The same argument can be applied to the time-average distribution of age (see Exercise 4.12). The time-average fraction of time, \(\mathrm{F}_{Z}(z)\), that the age is at most \(z\) is given by
\[\mathrm{F}_{Z}(z)=\frac{1}{\bar{X}} \int_{x=0}^{z} \operatorname{Pr}\{X>x\} d x \quad{WP1}\label{4.29} \]
In the development so far, the reward function \(R(t)\) has been a function solely of the age and duration intervals, and the aggregate reward over the nth inter-renewal interval is a function only of \(X_{n}\). In more general situations, where the renewal process is embedded in some more complex process, it is often desirable to define \(R(t)\) to depend on other aspects of the process as well. The important thing here is for \(\left\{\mathrm{R}_{n} ; n \geq 1\right\}\) to be an IID sequence.
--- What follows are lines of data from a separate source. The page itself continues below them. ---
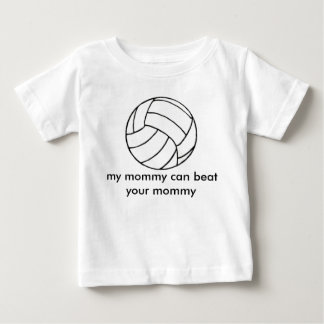 volleyball_clipart_ball[1], my mummy can beat y... baby T-Shirt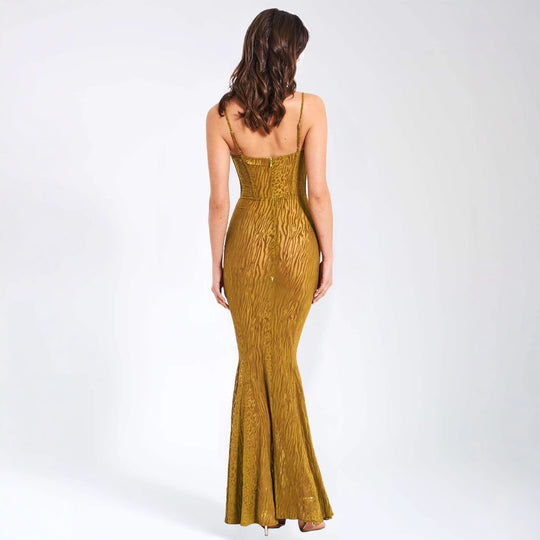 Damen Elegantes und verführerisches Spitzenkleid mit Rüschendetails EB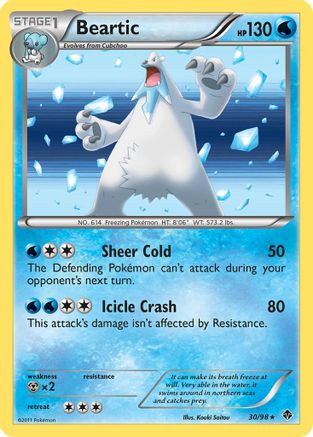 Beartic (30) 030  - Reverse Holofoil Emerging Powers - Holo Rare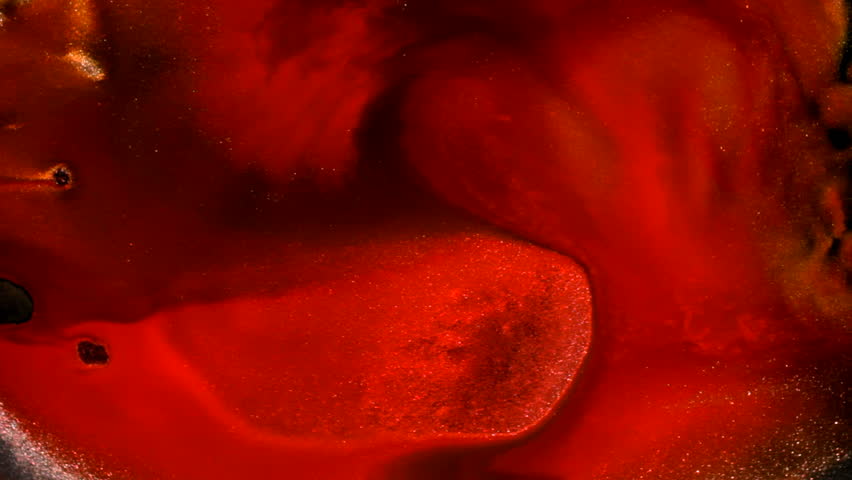 Red, swirling, artistic background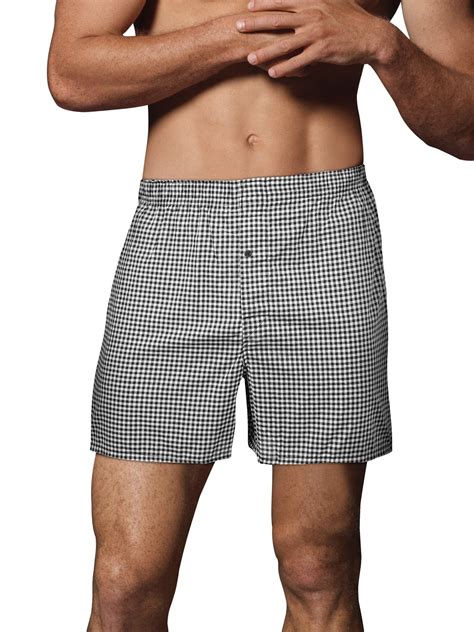 Hanes Men S Comfortflex Fit Woven Boxers Pack Walmart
How to achieve this, and how it is related to queueing systems, is described in Section 4.5.3. Theorem 4.4.1 clearly remains valid if \(\left\{\mathrm{R}_{n} ; n \geq 1\right\}\) is IID. This more general type of renewal-reward function will be required and further discussed in Sections 4.5.3 to Rss7 where we discuss Little’s theorem and the M/G/1 expected queueing delay, both of which use this more general structure.
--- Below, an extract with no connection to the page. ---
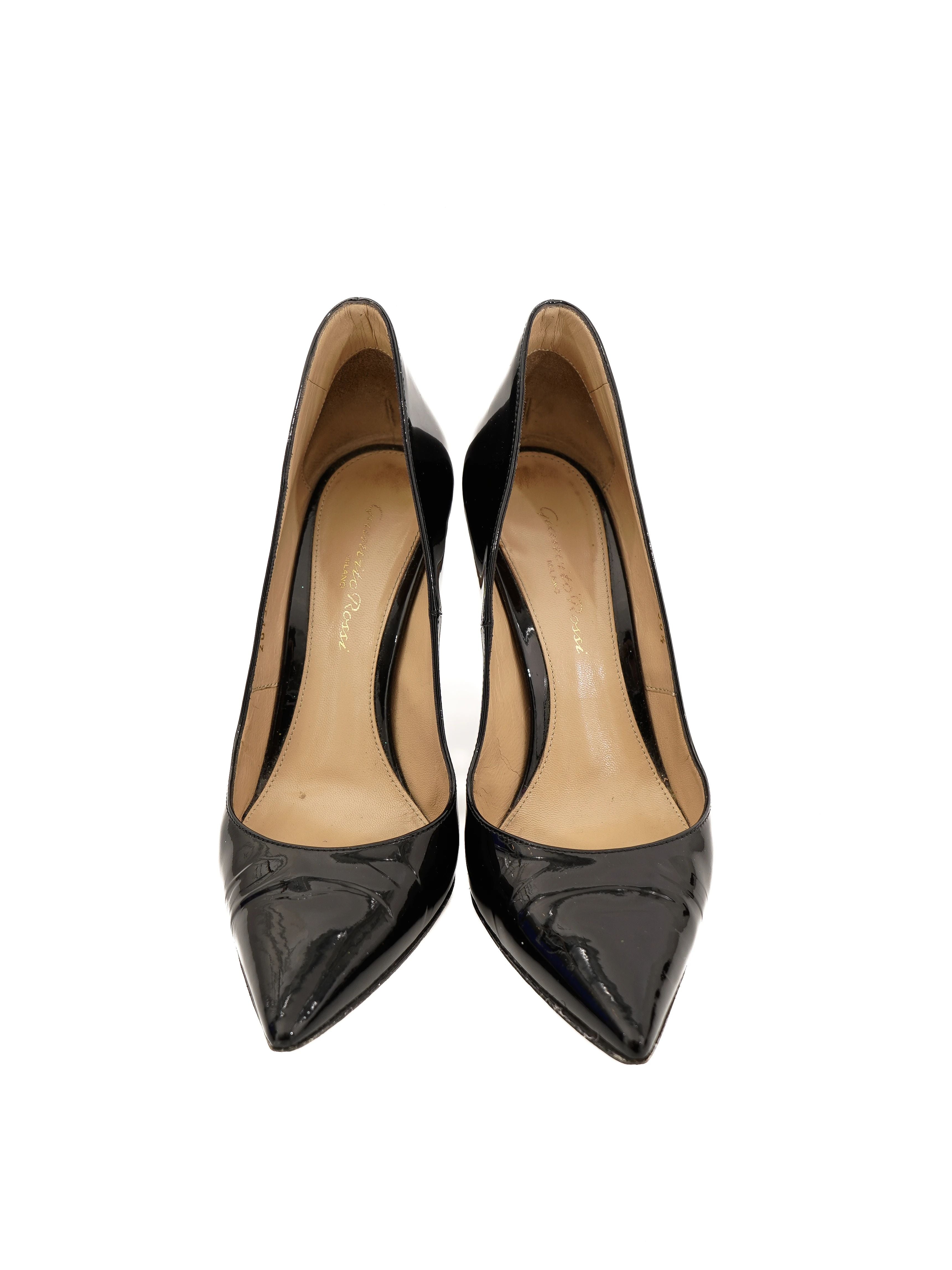 Gianvito Rossi Black Stiletto Heels 36.5 Excellent Condition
Limiting time-averages are sometimes visualized by the following type of experiment. For some given large time \(t\), let \(T\) be a uniformly distributed random variable over \((0, t]\); \(T\) is independent of the renewal-reward process under consideration. Then \((1 / t) \int_{0}^{t} R(\tau) d \tau\) is the expected value (over \(T\)) of \(R(T)\) for a given sample path of \(\{R(\tau) ; \tau>0\}\). Theorem 4.4.1 states that in the limit \(t \rightarrow \infty\), all sample paths (except a set of probability 0) yield the same expected value over \(T\). This approach of viewing a time-average as a random choice of time is referred to as random incidence. Random incidence is awkward mathematically, since the random variable \(T\) changes with the overall time \(t\) and has no reasonable limit. It also blurs the distinction between time and ensemble-averages, so it will not be used in what follows.
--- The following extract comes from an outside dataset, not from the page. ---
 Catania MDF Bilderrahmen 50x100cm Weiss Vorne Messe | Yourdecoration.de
5 \(\int_{0}^{t} Y(\tau) d \tau\) is a rv just like any other function of a set of rv’s. It has a sample value for each sample function of \(\{N(t) ; t>0\}\), and its distribution function could be calculated in a straightforward but tedious way. For arbitrary stochastic processes, integration and differentiation can require great mathematical sophistication, but none of those subtleties occur here.
6 This means that \(R(t)\) can be determined at any \(t\) from knowing \(Z(t)\) and \(X(t)\). It does not mean that \(R(t)\) must vary as either of those quantities are changed. Thus, for example, \(R(t)\) could depend on only one of the two or could even be a constant.
7 One can certainly define functions \(\mathcal{R}(Z, X)\) for which the integral in \ref{4.19} is infinite or undefined for some values of \(X_{n}\), and thus \(\mathrm{R}_{n}\) becomes a defective rv. It seems better to handle this type of situation when it arises rather than handling it in general.